How can we make sure the benefits system works to solve youth homelessness?

 
 
 

By Megan Hector, Policy Manager for YMCA England & Wales

Sometimes in life, things don’t go to plan. Your umbrella breaks during a rainstorm; your train gets cancelled; or you lose your house keys and end up locked out. At least when these things happen, you know there are people or services you can count on to help you keep going.

We would all hope that the same is true for more serious life events. If you have a health problem, or you lose your job, or your landlord evicts you from your home, our society has a safety net to ensure that you will still have somewhere to live and enough money to support yourself. But what if that safety net fails? In fact, what if that system of support actually makes it more difficult for you to recover from hardship and to get your life back on track?

YMCA provides supported accommodation to 20,000 people every year around England and Wales, many of them young people. Supported accommodation is a form of housing for people who might be at risk of, or are currently experiencing, homelessness. As well as having a safe place to stay, residents can receive help from supported accommodation staff with issues ranging from applying for benefits, getting mental health support, looking for new places to live, and getting a job.

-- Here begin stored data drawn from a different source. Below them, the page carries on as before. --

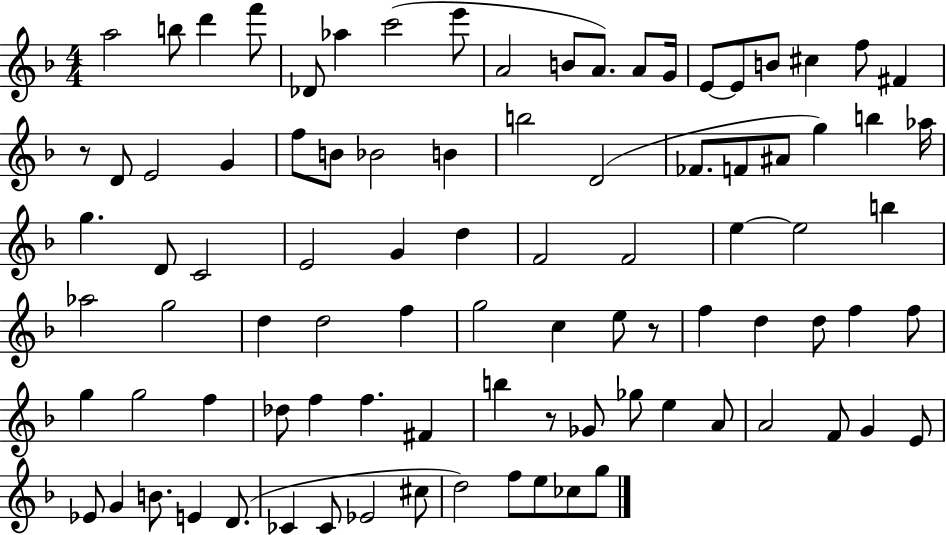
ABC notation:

X:1
T:Untitled
M:4/4
L:1/4
K:F
a2 b/2 d' f'/2 _D/2 _a c'2 e'/2 A2 B/2 A/2 A/2 G/4 E/2 E/2 B/2 ^c f/2 ^F z/2 D/2 E2 G f/2 B/2 _B2 B b2 D2 _F/2 F/2 ^A/2 g b _a/4 g D/2 C2 E2 G d F2 F2 e e2 b _a2 g2 d d2 f g2 c e/2 z/2 f d d/2 f f/2 g g2 f _d/2 f f ^F b z/2 _G/2 _g/2 e A/2 A2 F/2 G E/2 _E/2 G B/2 E D/2 _C _C/2 _E2 ^c/2 d2 f/2 e/2 _c/2 g/2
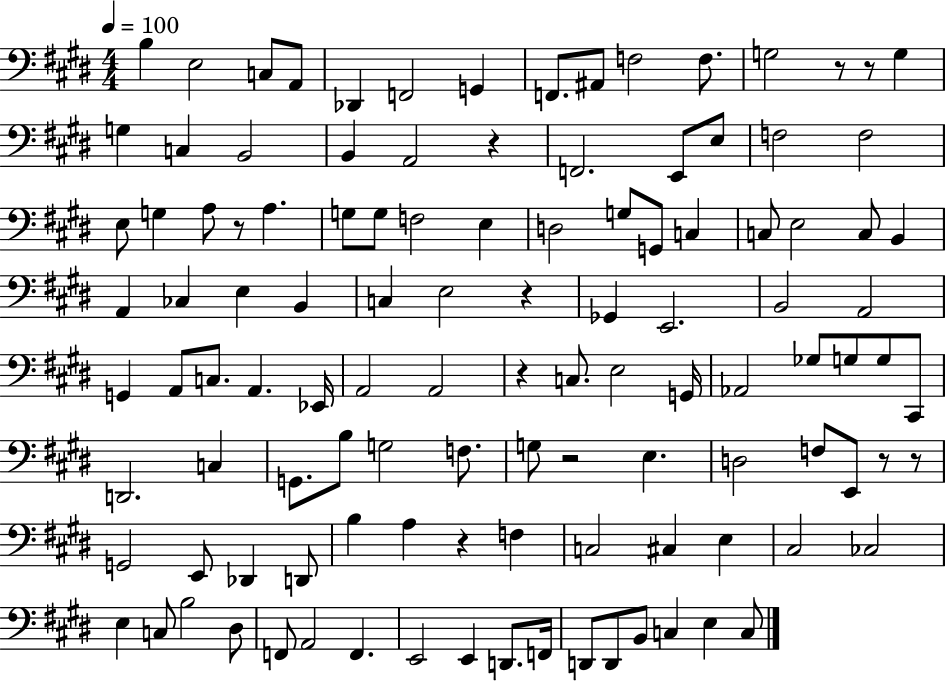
B3/q E3/h C3/e A2/e Db2/q F2/h G2/q F2/e. A#2/e F3/h F3/e. G3/h R/e R/e G3/q G3/q C3/q B2/h B2/q A2/h R/q F2/h. E2/e E3/e F3/h F3/h E3/e G3/q A3/e R/e A3/q. G3/e G3/e F3/h E3/q D3/h G3/e G2/e C3/q C3/e E3/h C3/e B2/q A2/q CES3/q E3/q B2/q C3/q E3/h R/q Gb2/q E2/h. B2/h A2/h G2/q A2/e C3/e. A2/q. Eb2/s A2/h A2/h R/q C3/e. E3/h G2/s Ab2/h Gb3/e G3/e G3/e C#2/e D2/h. C3/q G2/e. B3/e G3/h F3/e. G3/e R/h E3/q. D3/h F3/e E2/e R/e R/e G2/h E2/e Db2/q D2/e B3/q A3/q R/q F3/q C3/h C#3/q E3/q C#3/h CES3/h E3/q C3/e B3/h D#3/e F2/e A2/h F2/q. E2/h E2/q D2/e. F2/s D2/e D2/e B2/e C3/q E3/q C3/e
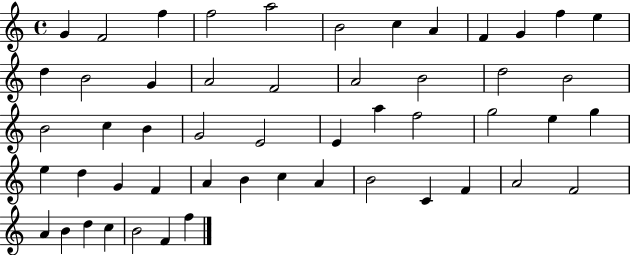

For our recently published report Breaking Barriers to Work, we spoke to some of the young people living in our supported accommodation about their experiences of relying on the benefits system, and the effect the system has on their ability to get into work. What they told us was shocking: many young people are living in poverty, missing meals and going hungry, because benefit levels are too low. 66% of the young people who responded to our survey told us that they thought benefit levels were definitely not, or not quite, enough to live on.

Young people told us about how this worsens their physical and mental health. They described struggling with stress, anxiety and depression as a result of not having enough food to eat, or having no money for public transport. This is a terrible state of affairs in itself, but it also makes it more difficult for young people to move into work, as they find themselves in ‘survival mode’ — their focus is on accessing the basic essentials they need to live, rather than on moving into work or progressing in their lives.

For those who do manage to get a job, another hurdle is thrown in their way: the benefits system makes supported accommodation residents financially worse off if they work more than a few hours a week. This is due to the rate at which Universal Credit is reduced based on people’s earnings when they start working.

All of these problems have obvious solutions, which are explored in our report. This includes creating a Universal Credit work allowance so that supported accommodation residents can work more without losing money; and introducing an Essentials Guarantee for benefits, to ensure that benefits always provide people with enough money to live on. Now we need to convince the Government to take action.

Our report centres the voices and experiences of young people recovering from homelessness, because they’re the best people to tell us what will work to help them rebuild their lives. They have become homeless because they have fallen through the holes in our social safety net, and it’s time we listen to them in order to prevent any more young people from experiencing the same — to end youth homelessness, for good.